As mentioned earlier, Call of Cutie’s graphics are nothing short of excellent. One complaint is that the colour-palette is not very broad – rabbit holes have a brown, soil-like tint, and fields too are brown, almost as if they were mud. The sky is also continually gray, which is highly unrealistic. The rain effects are nice too but it seems strange that the rain barely lets up throughout the entire campaign. The developers were obviously too lazy to do their research: heat rises, so Northern England reaches high temperatures when people in the South put their heaters on.

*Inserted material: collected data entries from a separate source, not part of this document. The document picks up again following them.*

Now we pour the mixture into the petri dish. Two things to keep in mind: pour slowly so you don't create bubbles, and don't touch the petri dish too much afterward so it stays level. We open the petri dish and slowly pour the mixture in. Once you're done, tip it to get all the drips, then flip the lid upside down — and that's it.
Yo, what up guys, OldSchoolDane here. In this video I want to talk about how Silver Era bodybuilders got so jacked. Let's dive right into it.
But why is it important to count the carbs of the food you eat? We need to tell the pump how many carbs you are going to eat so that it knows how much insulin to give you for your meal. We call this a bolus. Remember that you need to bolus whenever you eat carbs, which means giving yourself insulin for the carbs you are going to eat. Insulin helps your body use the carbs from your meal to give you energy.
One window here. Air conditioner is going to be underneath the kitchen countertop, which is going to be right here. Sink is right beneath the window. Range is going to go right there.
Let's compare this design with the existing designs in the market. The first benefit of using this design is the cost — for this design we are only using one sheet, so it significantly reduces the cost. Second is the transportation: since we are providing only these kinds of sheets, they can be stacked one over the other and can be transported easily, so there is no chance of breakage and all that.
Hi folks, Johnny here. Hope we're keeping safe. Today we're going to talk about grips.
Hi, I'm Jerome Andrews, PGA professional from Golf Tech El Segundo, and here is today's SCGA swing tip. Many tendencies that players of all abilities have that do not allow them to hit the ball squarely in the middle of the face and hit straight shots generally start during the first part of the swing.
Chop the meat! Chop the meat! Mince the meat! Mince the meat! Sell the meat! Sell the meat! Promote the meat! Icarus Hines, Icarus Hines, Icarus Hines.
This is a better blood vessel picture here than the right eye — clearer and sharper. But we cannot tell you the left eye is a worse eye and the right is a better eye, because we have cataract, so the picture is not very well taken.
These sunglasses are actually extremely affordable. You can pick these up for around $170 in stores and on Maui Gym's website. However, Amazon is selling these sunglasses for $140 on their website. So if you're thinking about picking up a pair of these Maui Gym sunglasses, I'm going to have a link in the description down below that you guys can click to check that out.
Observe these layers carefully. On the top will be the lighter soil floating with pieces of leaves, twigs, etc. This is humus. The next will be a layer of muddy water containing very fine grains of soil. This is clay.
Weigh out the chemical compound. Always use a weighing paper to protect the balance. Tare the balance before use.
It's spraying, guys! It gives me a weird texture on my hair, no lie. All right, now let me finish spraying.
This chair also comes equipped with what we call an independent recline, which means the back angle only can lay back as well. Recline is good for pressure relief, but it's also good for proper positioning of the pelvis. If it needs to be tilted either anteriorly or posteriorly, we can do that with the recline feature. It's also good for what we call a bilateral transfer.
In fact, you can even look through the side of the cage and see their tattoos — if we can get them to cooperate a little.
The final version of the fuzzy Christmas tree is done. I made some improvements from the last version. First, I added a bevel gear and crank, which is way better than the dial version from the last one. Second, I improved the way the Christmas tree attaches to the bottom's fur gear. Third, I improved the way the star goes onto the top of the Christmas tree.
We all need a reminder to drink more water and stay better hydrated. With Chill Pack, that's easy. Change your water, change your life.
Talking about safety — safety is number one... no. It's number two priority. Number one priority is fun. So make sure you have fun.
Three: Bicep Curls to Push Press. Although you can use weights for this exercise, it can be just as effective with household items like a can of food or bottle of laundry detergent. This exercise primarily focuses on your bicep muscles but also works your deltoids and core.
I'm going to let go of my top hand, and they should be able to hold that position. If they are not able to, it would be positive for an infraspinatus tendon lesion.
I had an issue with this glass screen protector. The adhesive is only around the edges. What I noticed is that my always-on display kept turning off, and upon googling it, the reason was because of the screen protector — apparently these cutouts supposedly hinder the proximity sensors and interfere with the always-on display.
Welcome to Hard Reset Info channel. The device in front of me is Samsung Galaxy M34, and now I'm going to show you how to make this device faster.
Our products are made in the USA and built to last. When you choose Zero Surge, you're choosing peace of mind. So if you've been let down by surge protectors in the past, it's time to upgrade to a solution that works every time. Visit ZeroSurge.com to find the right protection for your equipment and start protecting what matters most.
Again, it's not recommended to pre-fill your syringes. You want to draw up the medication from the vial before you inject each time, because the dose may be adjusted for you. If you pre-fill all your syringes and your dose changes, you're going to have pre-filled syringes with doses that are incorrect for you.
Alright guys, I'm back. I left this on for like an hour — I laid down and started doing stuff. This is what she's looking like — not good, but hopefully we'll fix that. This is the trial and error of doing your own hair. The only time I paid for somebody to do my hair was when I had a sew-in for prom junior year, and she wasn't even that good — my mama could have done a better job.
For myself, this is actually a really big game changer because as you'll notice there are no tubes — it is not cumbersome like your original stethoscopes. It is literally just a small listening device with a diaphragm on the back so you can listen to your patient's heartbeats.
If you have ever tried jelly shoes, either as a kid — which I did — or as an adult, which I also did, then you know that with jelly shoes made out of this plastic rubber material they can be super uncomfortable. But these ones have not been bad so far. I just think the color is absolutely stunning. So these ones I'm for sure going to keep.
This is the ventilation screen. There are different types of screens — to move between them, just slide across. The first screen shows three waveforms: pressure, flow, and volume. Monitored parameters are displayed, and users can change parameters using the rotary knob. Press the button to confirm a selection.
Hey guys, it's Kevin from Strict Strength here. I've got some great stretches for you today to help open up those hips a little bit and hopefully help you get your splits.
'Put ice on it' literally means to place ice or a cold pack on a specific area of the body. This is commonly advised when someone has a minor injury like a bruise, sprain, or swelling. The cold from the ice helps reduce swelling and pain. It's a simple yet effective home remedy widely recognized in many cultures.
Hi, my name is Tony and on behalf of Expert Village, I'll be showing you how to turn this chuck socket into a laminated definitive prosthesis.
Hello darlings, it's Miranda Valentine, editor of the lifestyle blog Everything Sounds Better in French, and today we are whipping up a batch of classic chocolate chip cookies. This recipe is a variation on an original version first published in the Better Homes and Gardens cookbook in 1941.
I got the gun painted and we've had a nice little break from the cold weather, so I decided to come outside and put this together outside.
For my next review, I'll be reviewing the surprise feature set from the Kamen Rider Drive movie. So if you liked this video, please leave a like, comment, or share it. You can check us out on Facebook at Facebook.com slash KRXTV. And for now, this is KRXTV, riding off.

Basically, I love this game. The campaign mode is short but sweet, but the online multiplayer has an astonishing number of modes that will keep you going for ages. My favourite is the Horde mode, in which you control one of Cork’s henchmen in a race to breed an army of bunnies before pitting them in a savage war against up to 16 other Viagra-fueled rabbit-generals. As well being hella fun popping pellets in baby rabbit asses, there is also some serious social commentary to do with abortion. The game suggests that in a world without adequate contraception methods, Viagra could be a weapon of mass impregnation. Anyone who claims that games can’t be art needs to play this game: I have never felt so mentally challenged. Down with Viagra!
Call of Cutie is in the same league as Braak Studios’ previous effort, Cudgel of Xanthor. Like Cudgel of Xanthor, Call of Cutie (CoC for short) is free to play via upload-only. The developer have promised updates to give combat more depth: you’ll be able to customise Winkle’s teeth by scanning an image of your own, or someone else’s teeth. I’ve arranged for dental surgery to get my canines up to speed in time for the update. Bring it on. I desperately hope CoC is a massive success story so we will see more companies make games like this in the future. Cattlefield, anyone?